Mr. Robot, Level 'S'
Good Lourdes! Are we EVER going to get through this damn alphabet? Guess we're just lucky they're not using the Chinese or Japanese alphabet... am I right? According to Wikipedia, there's 50,000 Chinese characters in the language... but that's since antiquity. Only 10,000 are in use today, 3,000 of which are frequently used, especially in their media. Keep fighting, guys. Meanwhile, there's just a few thousand letters in the Japanese alphabet. Therefore, probably not a good way to label your levels in a video game. Who's got time to play a few thousand levels? You gotta do like Doom II, and just have a few really good levels... man, I miss that thing. ENNY WEIGH, as you can see from the attached pic, Level 'D' strikes again, with a twist... is this a first? Maybe not. I'm too beleaguered to check. I think this is the first time that those bombs are used as a downward staircase. I should probably put a bunch of arrows on this thing! Give myself a map for when I try to flip this game's score. I wouldn't have been able to do it if I was playing this on an actual Atari machine. I had other games to play, besides. I mucked around with that Racing Destruction Set way too much, that's for sure. It's like Marble Madness, but with cars!

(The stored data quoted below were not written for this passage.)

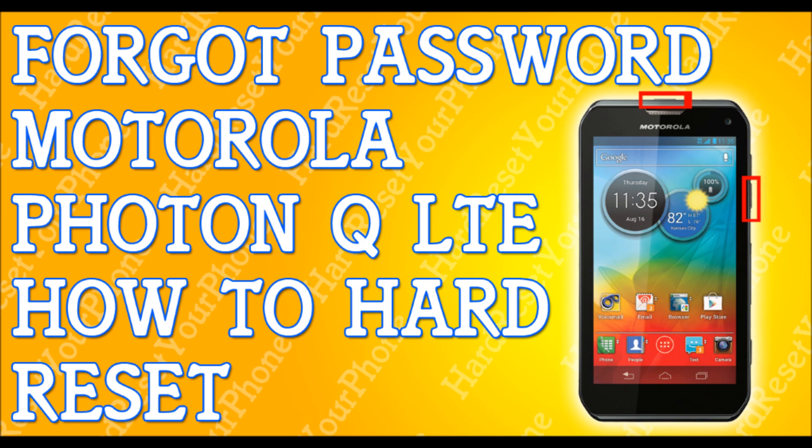Now we're going to be using the volume down key to scroll down to wipe data factory reset. Select wipe data factory reset and press the power key to confirm.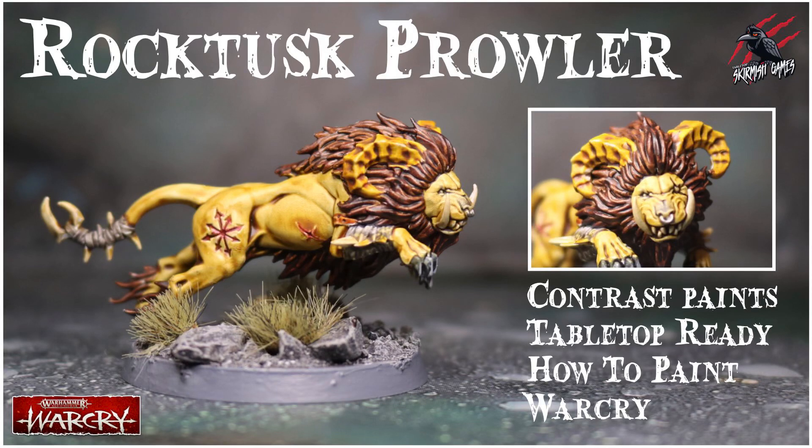Welcome to Tabletop Skirmish Games, I'm Lee, and in this video I'll show you how I painted the Rock Tusk Prowler from the Untamed Beasts using contrast paints to a tabletop ready standard.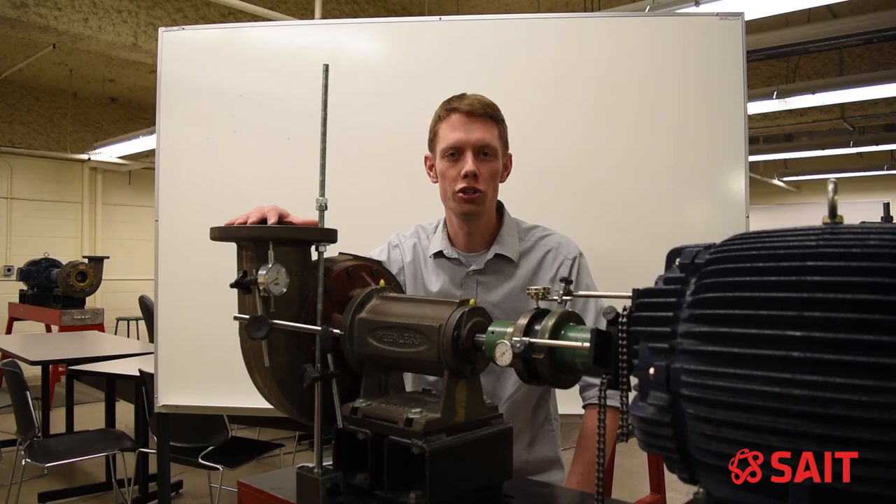Thank you for watching the video. Now you know how to account for and correct pipe strain.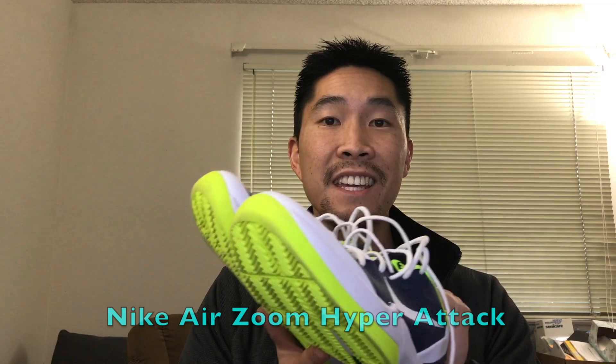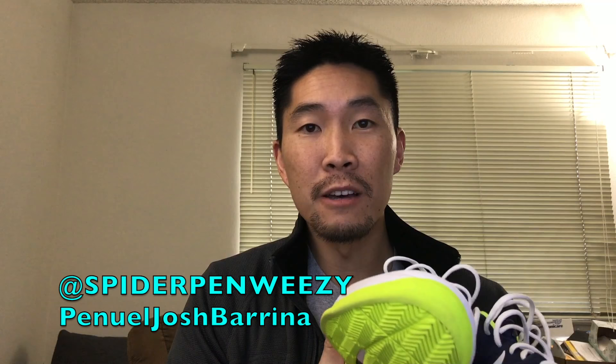The third pair of shoes you'll see me playing volleyball in are the Nike Air Zoom Hyper Attacks. These are my new favorite volleyball shoes because they are as close as it gets to the Kobe 6s. According to Josh Barina, who highly recommended these shoes, he says these were essentially the Kobe 6s but a new and improved version because they were so popular with the volleyball community. So Nike released an official volleyball shoe based on the Kobe 6 design, and I'm so happy they did. Big shout out to Spider Pen Wheezy, also known as Penwell Josh Barina — check out his YouTube channel and Instagram for more shoe reviews.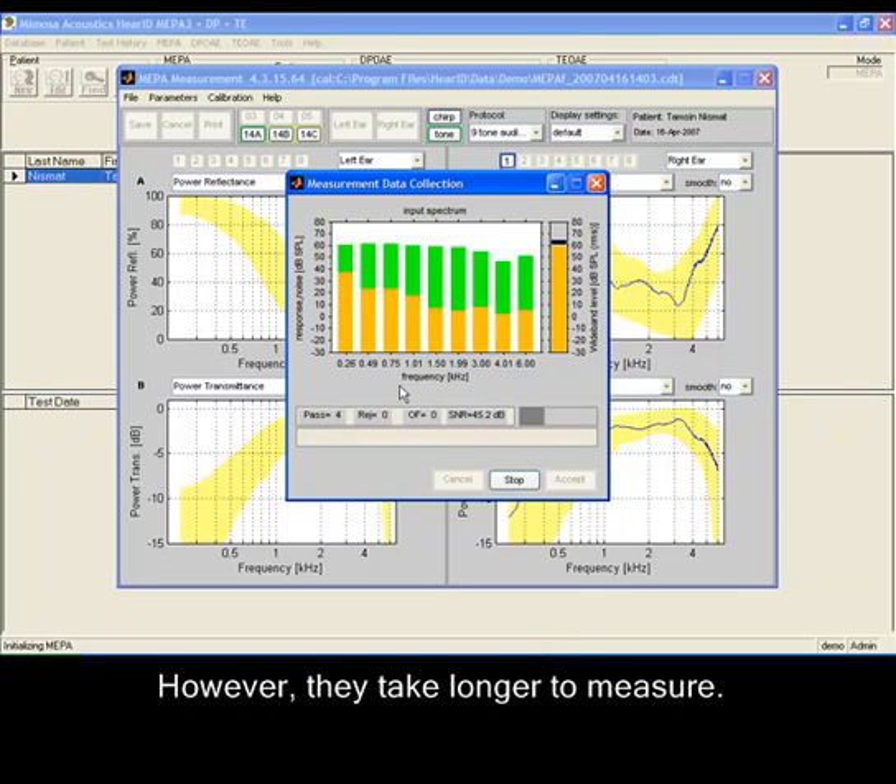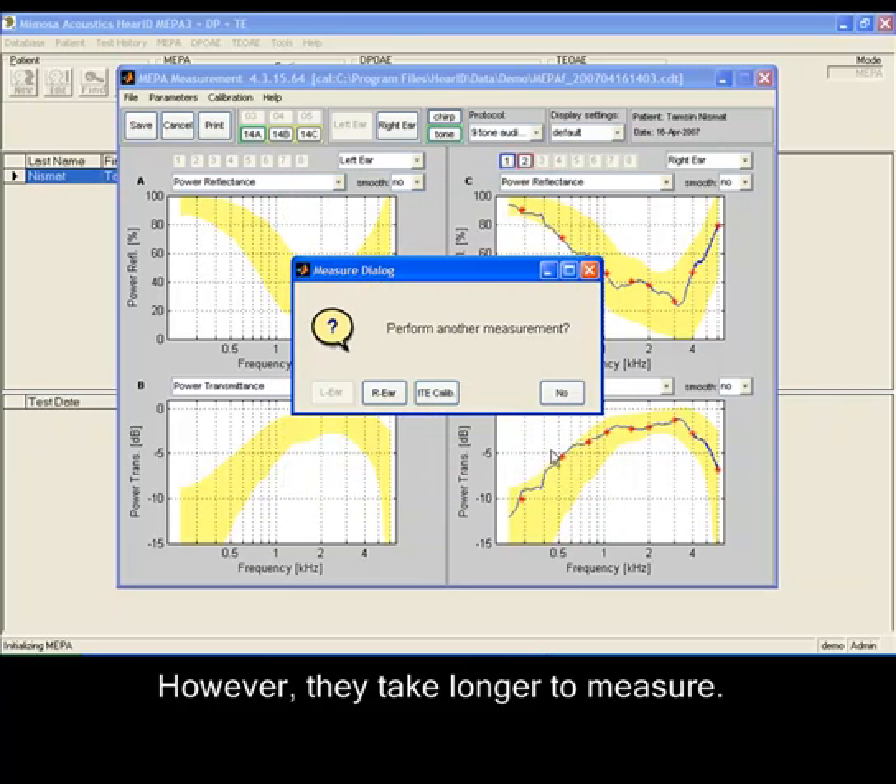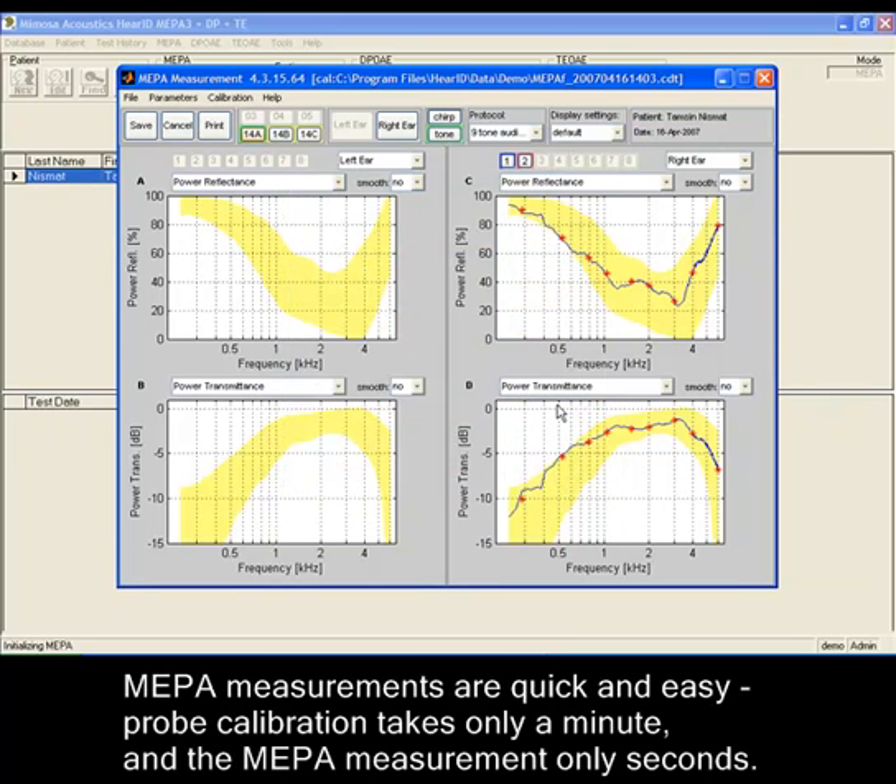However, they take longer to measure. MEPA measurements are quick and easy — probe calibration takes only a minute and the MEPA measurement only seconds.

(the next afternoon) Level 'L', you idiot! It's like Level 'L'! Also, the theme song! That's why I mucked around so much
Mr. Robot, Level 'R'
Ah yes, the triumphant return of Level 'N', but with a twist... I forget what it is. Oh! I think I know what it is: watch out for dead ends! And, some of the live ones too, for that matter, especially if they've got fireballs in them.
Mr. Robot, Level 'Q'
Ah yes, the triumphant return of Level 'D', only a little tougher, and even though there are no new gimmicks, icons, features, characters, what have you... there is a slightly new way of looking at things. And a new philosophical question to ask yourself: can you climb down a ladder if it's blocked by one of those bomb things?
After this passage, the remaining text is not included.